The CTQ web page has an about us feature but when we clicked on it, only Sill’s profile appeared on the screen. No other employees of the firm are identified anywhere on the web page. http://www.ctqconsultinggroup.net/index.php?option=com_content&view=article&id=2&Itemid=5
CTQ and Sill specialize in something called Lean Six Sigma, which Sill says is an abbreviated form of Six Sigma that draws upon her Six Sigma training and hands-on experience “to identify and implement results-driven solutions for your business.”
Six Sigma is a set of techniques for process improvement that was developed by Motorola in 1986 and General Electric adopted the program for its business strategy in 1995.
The program attempts to improve the quality of process outputs by identifying and removing causes of defects by employing a set of quality management methods and creates a special infrastructure of employees within an organization (“Champions,” Black Belts,” “Green Belts and “Yellow Belts”) who are experts in infrastructure methods.
The name Six Sigma originated from terminology tied to manufacturing, especially terms associated with statistical modeling of manufacturing processes.
Sigma indicates its yield or percentage of defect-free products it creates while a six sigma process is one in which 99.00066 percent of the manufactured products are statistically expected to be defect-free (3.4 defective parts per million).
According to Wikipedia.org, Six Sigma doctrine asserts:
- Continuous efforts to achieve stable and predictable process results are of vital importance to business success.
- Manufacturing and business processes have characteristics that can be measured, analyzed, controlled and improved.
- Achieving sustained quality improvement requires commitment from the entire organization, particularly from top-level management.
Features that set Six Sigma apart from previous quality improvement initiatives include:
- A clear focus on achieving measurable and quantifiable financial returns from any Six Sigma project.
- An increased emphasis on strong and passionate management leadership and support.
- A clear commitment to making decisions on the basis of verifiable data and statistical methods, rather than assumptions and guesswork.

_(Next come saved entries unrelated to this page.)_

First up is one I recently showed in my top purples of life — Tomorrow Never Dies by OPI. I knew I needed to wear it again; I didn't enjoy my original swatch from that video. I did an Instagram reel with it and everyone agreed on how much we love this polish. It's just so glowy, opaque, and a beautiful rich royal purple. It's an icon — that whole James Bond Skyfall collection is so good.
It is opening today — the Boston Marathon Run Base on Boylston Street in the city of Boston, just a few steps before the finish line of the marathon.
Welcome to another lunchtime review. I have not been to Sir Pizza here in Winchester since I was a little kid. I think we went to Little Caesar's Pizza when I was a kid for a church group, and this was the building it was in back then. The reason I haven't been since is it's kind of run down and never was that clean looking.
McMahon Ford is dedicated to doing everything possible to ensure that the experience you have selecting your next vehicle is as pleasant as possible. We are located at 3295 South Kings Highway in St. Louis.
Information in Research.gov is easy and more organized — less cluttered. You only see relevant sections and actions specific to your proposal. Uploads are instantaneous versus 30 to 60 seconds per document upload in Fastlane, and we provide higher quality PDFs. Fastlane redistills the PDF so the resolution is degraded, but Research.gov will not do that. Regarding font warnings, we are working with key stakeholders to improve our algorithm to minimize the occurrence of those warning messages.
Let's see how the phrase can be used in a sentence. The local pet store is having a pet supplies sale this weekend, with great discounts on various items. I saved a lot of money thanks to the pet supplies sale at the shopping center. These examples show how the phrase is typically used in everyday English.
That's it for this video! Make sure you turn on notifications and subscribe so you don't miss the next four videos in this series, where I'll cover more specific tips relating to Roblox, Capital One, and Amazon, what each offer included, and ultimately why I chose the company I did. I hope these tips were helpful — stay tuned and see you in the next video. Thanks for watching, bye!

Just how all this applies to the Department of Public Safety and how it justified an expenditure of $450,000 remains unclear.
Asked why Sill was placed on the state payroll as an unclassified employee instead of being retained as a contractor, DPS explained that the department “utilized a Civil Service hiring option to employ Ms. Sill as a WAE (when actually employed) due to the length of proposed projects underway or planned. This allowed her to perform projects across various state agencies as a state employee.”

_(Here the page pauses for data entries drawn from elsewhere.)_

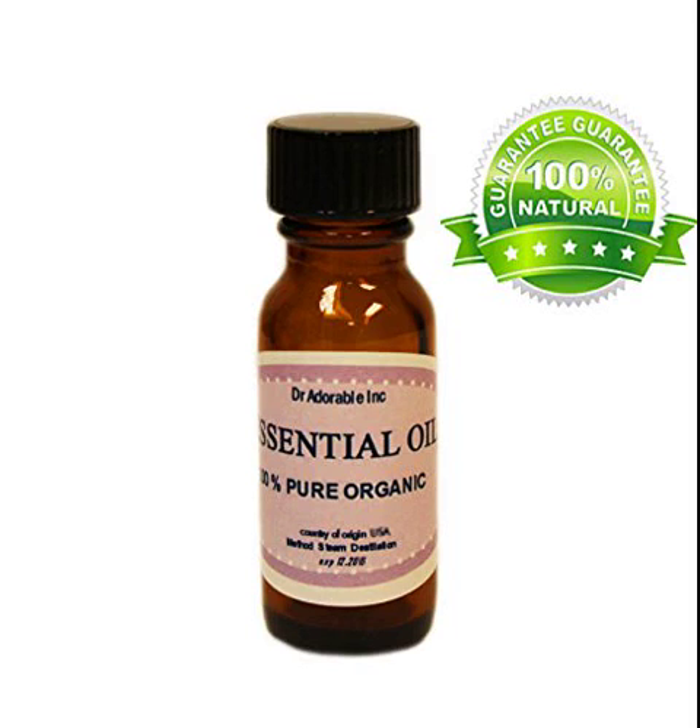Neroli Essential Oil, 100% Pure Organic, 0.6 oz / 18 ml. Botanical Name: Citrus aurantium. Extraction Method: Steam Distilled. Odor: Light, sweet floral fragrance with a terpeny top note.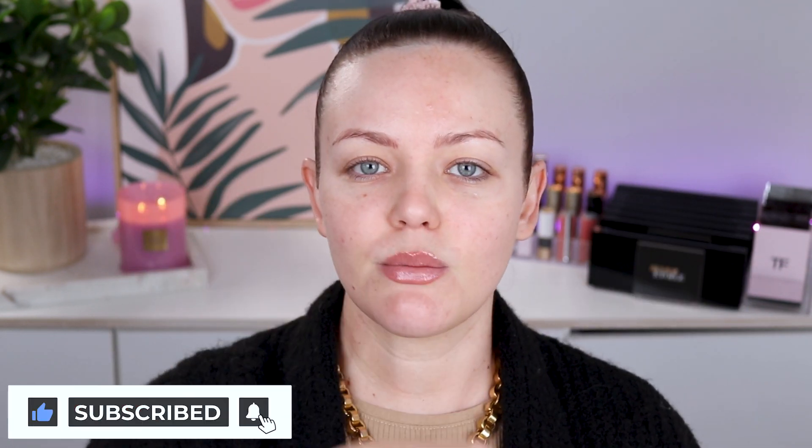Before we get started, let's do the YouTube things — give this video a thumbs up, subscribe, hit that notification bell, and let's get into it.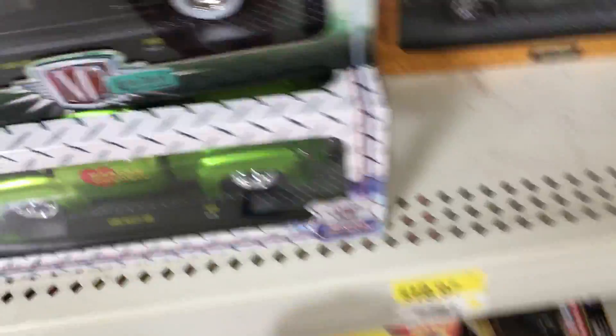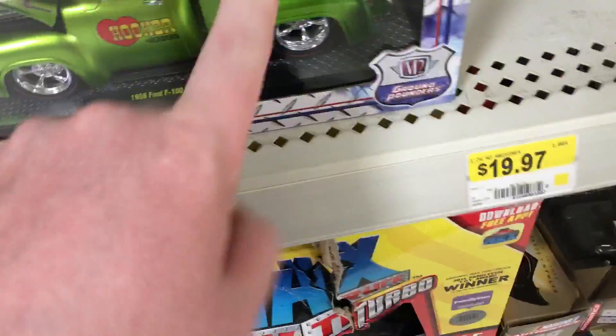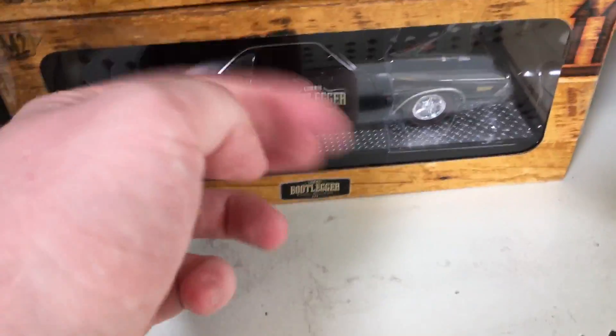What's up guys, I'm at my local Walmart and they just recently restocked these. Last time I was here I got the chase, and now they restocked these little bootlegs.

One explanation might be the $50,000 plateau for contracts. Any contract of $50,000 or more must be approved by the Office of Contractual Review.
A better reason could be that contracts are easier for prying eyes to spot and more susceptible to prompting questions from nosy reporters than an otherwise low key state hire.

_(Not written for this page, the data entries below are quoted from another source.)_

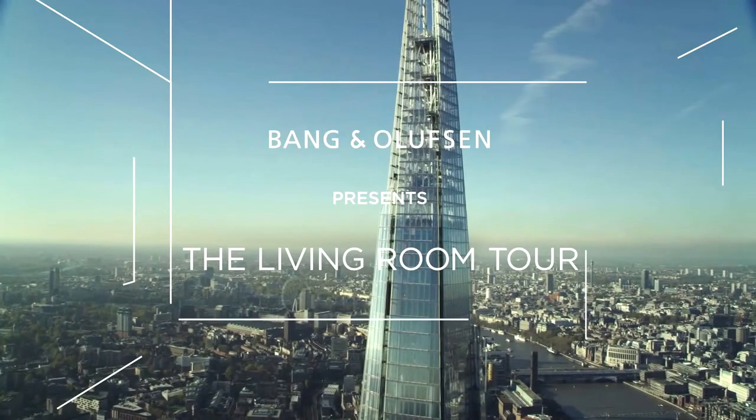I'm very proud to work with Sir Paul and to be launching our new speakers. He's always had a passion for Bang & Olufsen, and the passion that he brings to people with his music is absolutely outstanding.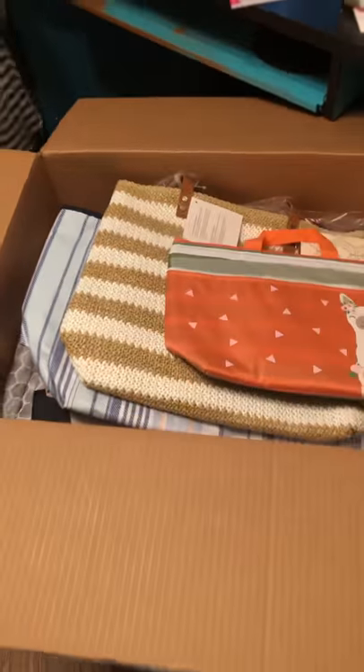Hey everybody, happy hump day. I am here because I'm so excited to show y'all this big box of spring products that just came in the mail today. And I have so many goodies to show y'all.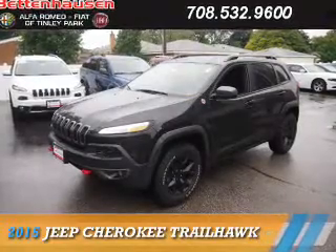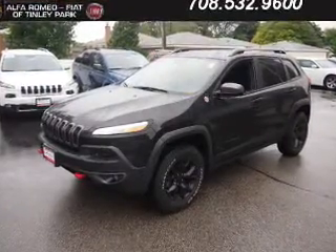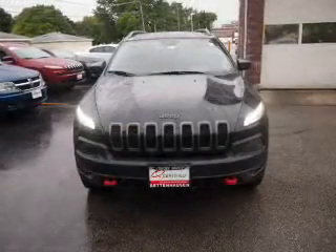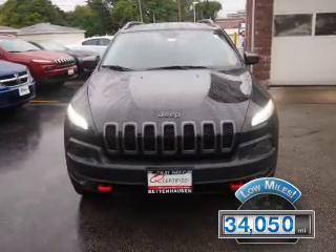Presenting the 2015 Jeep Cherokee. It's powered by four-wheel drive, a 2.4-liter four-cylinder engine, and an automatic transmission. With fewer than 35,000 miles, this vehicle has a long road ahead.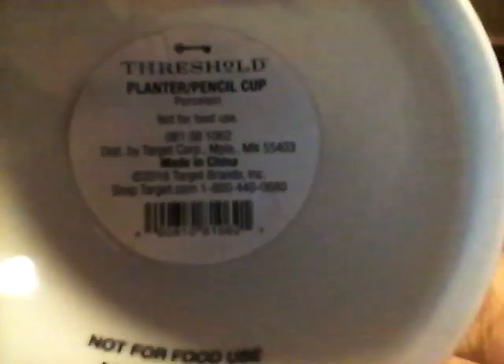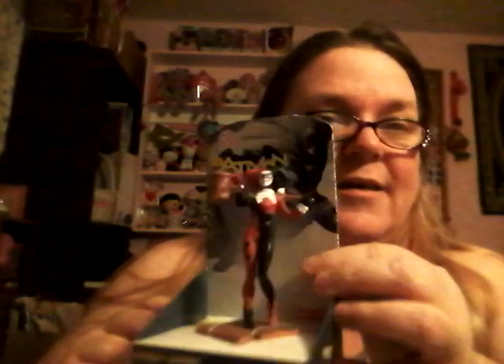If you follow me on Instagram, you know I found this — she's so adorable. Somebody had her on their Instagram, I saw her and I had to have her. She is called a ceramic girl vase, not for food use, by the Threshold brand.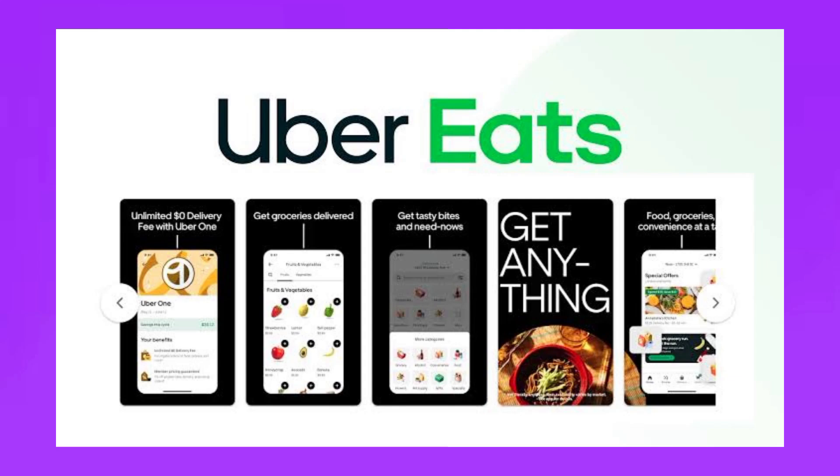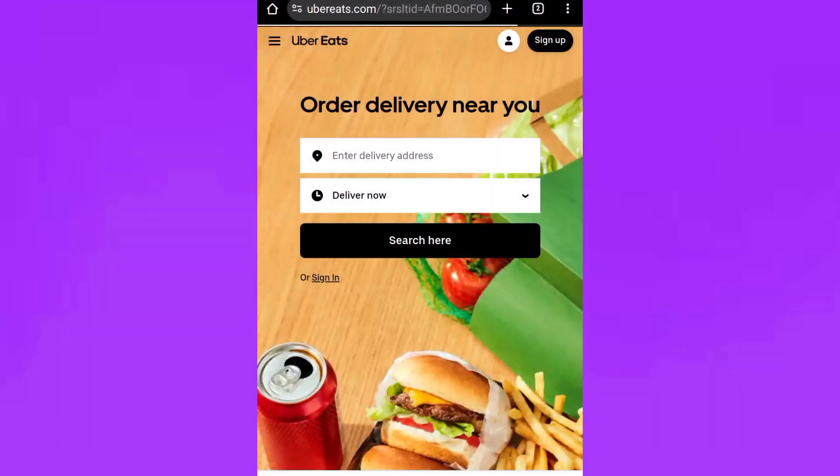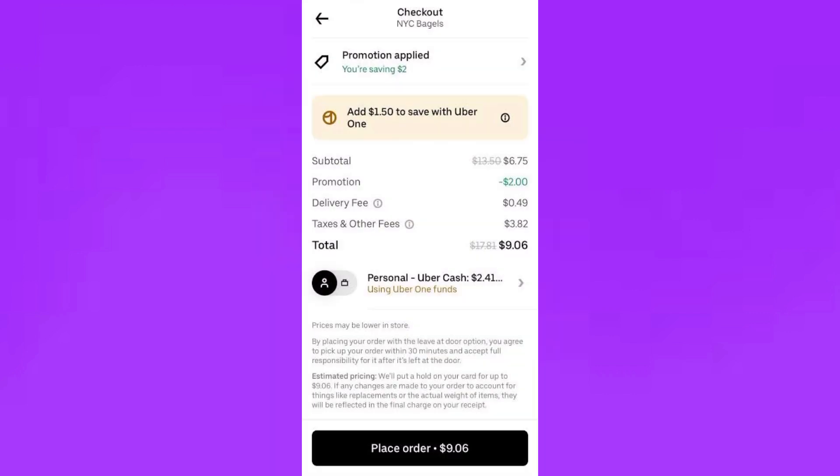Ensure both the Uber Eats app and website are updated to their latest versions. Close and reopen the Uber Eats app, or refresh your browser if using the website. Confirm that you are at the correct stage in the checkout process where tipping options should appear.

But if the results of “streamlining operations of OMV” can be used as a barometer, the efforts of CTQ and Sill are less than auspicious. One need only make a trip to one of the local DMV offices gutted by Gov. Bobby Jindal’s employee layoffs to witness the interminable delays brought on by his privatization obsession. And while you’re waiting, don’t take it out on the overworked, stressed-out employees. Just remember to thank Jindal—and Lean Six Sigma.
And bring a good book to read while you wait.